И когда эта декларация действительно оказалась в системе документов ПАСЕ, это стало причиной напряжения. Как будто бы получалось так, что есть какая-то главная фигура в этом процессе со стороны представителей противников Путина российских, и он сумел туда провести этот документ. И очень многие говорили: «Слушайте, я в платформу ПАСЕ пойду, но вот эта Берлинская декларация, я не понимаю, откуда она взялась. Я до последнего буду игнорировать это дело. В конце концов, если меня заставят подписать каждый пункт отдельно, я с ним соглашусь, но вот так говорить, что я часть процесса Берлинской декларации, я не хочу». И все говорили: «Окей, потом разберемся». Как-то вот так это все шло: потом, потом, потом.

В какой-то момент, кстати, к моей большой радости, с президентом Парламентской ассамблеи Европы встречается и Юлия Навальная, и Илья Яшин. Вместе с ними приехал туда Владимир Кара-Мурза. И мне вообще показалось: вот это да, вот это круто! То есть действительно вокруг этой платформы что-то делается.

Я уже просто рассказывал это, наверное, это просто неприлично повторять третий раз, но когда однажды впервые я увидел, что Берлинская декларация указана в документах Парламентской ассамблеи Совета Европы, я буквально спросил спецдокладчика Эрика Кросса: «Вы же понимаете, что есть силы, которые не захотят это подписывать? Просто потому, что вот так сформулирована вот эта Берлинская декларация. Само слово у какой-то части, важной части, оппозиции вызывает аллергию». На что он сказал: «Нет, это теперь часть документов наших». Я говорю: «Может быть, вы какой-то отдельный трек придумаете?» «Никакого отдельного трека ни для кого придумывать мы не будем», – сказал он буквально мне вот так.

В итоге, когда появились там Юлия Навальная, Владимир Кара-Мурза и Илья Яшин и начали говорить об этой платформе уже как не о чем-то враждебном, а как о какой-то полезной инициативе и так далее, видимо, возникло напряжение, что отдельный трек в обход Берлинской декларации все-таки возможен. Хотя он, как я себе представляю, не очень возможен, если это проголосовано уже. Не может президент Парламентской ассамблеи Совета Европы своим решением провести кого-то в обход решения органа. Но само напряжение, сама идея о том, что ой-ой-ой, что-то происходит, кажется, сильно посеяло напряжение у некоторых участников ужина. Обернулось в такую нервную беседу, которая потом превратилась в то, во что превратилась. Давай, если хочешь, я потом уточню.

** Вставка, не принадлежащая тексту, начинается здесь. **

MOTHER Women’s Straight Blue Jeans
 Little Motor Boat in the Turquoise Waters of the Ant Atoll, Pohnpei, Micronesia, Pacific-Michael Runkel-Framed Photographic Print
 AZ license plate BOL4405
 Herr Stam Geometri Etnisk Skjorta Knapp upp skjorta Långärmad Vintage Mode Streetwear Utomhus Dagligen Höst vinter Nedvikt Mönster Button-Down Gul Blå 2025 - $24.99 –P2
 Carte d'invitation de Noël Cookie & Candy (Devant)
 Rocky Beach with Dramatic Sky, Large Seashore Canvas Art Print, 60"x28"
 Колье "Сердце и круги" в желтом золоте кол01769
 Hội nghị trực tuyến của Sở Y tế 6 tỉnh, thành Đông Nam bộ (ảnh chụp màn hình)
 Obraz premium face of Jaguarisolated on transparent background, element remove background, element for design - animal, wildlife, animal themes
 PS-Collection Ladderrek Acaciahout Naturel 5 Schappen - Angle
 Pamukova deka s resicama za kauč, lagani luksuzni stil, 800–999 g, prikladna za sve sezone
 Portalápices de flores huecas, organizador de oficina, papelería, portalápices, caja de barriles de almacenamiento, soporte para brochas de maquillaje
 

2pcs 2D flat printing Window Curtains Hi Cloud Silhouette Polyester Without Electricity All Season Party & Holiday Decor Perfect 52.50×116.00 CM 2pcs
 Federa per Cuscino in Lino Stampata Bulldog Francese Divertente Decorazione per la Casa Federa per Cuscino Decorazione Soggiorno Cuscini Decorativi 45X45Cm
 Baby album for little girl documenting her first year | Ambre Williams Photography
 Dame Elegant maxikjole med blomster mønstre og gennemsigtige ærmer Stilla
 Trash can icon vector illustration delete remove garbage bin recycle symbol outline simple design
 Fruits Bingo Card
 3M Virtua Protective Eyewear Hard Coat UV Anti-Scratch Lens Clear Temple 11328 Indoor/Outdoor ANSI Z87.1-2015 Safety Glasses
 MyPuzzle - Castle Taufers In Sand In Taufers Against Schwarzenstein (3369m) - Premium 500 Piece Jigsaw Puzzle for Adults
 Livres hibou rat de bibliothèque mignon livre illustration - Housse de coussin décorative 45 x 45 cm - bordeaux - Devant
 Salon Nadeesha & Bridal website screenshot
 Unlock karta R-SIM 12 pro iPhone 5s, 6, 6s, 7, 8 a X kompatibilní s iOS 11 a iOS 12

Т. ФЕЛЬГЕНГАУЭР: Да, уточни обязательно. Просто как будто бы реальным поводом послужило то, что Михаил Ходорковский или кто-то так же активно продвигающий Берлинскую декларацию и всю эту структуру платформы почувствовал, что он упускает контроль над ситуацией.

М. КУРНИКОВ: Это не знаю. Как говорится, такое можно предположить. Я рассказываю то, что знаю. Знаю, что именно такая претензия прозвучала от Гарри Каспарова на этом ужине. Я думаю, что все примерно знают. Александра Гармажапова чуть ли не стенограмму этого конфликта написала, за что ей большое спасибо. Мы это примерно знаем.

Т. ФЕЛЬГЕНГАУЭР: Прости, еще раз перебью. Тем удивительнее слушать, что Михаил Ходорковский называет Владимира Милова лжецом, хотя Владимир Милов не единственный человек, кто рассказал, что было на этом ужине. То есть у нас есть три участника ужина, которые рассказывают разными словами примерно одно и то же.

М. КУРНИКОВ: По-моему, не за это называл Владимира Милова лжецом Михаил Ходорковский. Но это на его совести. Я не хочу доказывать ни того, что Милов лжец, ни того, что не лжец. Как говорится, это их разборка.

Т. ФЕЛЬГЕНГАУЭР: Да, это дело Ходорковского и Милова. Поехали дальше. В какой точке сейчас мы?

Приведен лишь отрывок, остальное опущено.